▶ _WHAT THE TASK REQUIRES_
Return only that part of the material below which starts with the line containing "Tunic Long Sleeve" and goes on through the line containing "14K Tri Color", restated exactly.

▶ _SOURCE MATERIAL_
<<<<

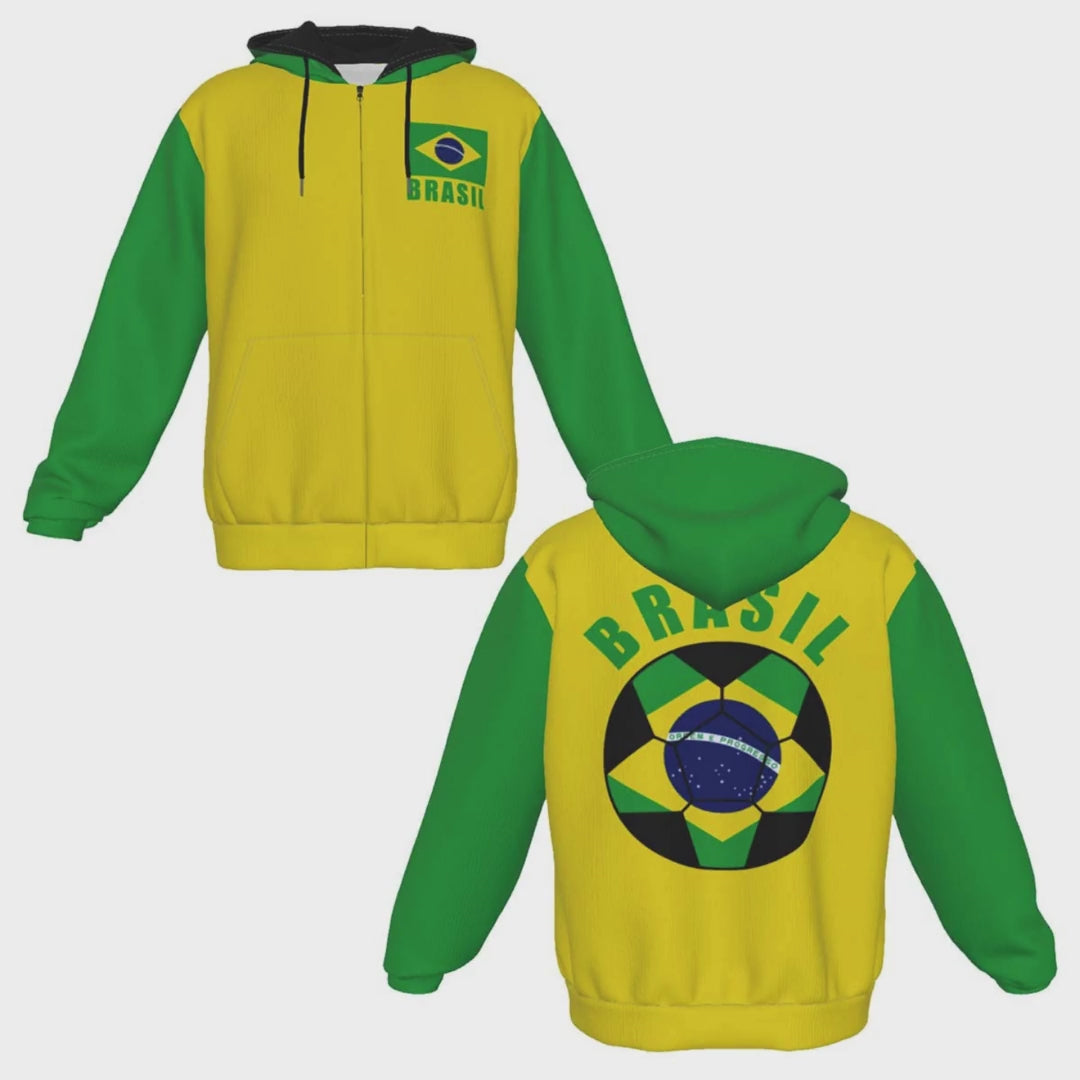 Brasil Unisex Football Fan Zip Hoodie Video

>>>>
<<<<

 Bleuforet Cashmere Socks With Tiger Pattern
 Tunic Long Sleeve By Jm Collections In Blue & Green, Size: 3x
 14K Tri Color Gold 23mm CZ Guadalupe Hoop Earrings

>>>>

▶ _OUTPUT_
 Tunic Long Sleeve By Jm Collections In Blue & Green, Size: 3x
 14K Tri Color Gold 23mm CZ Guadalupe Hoop Earrings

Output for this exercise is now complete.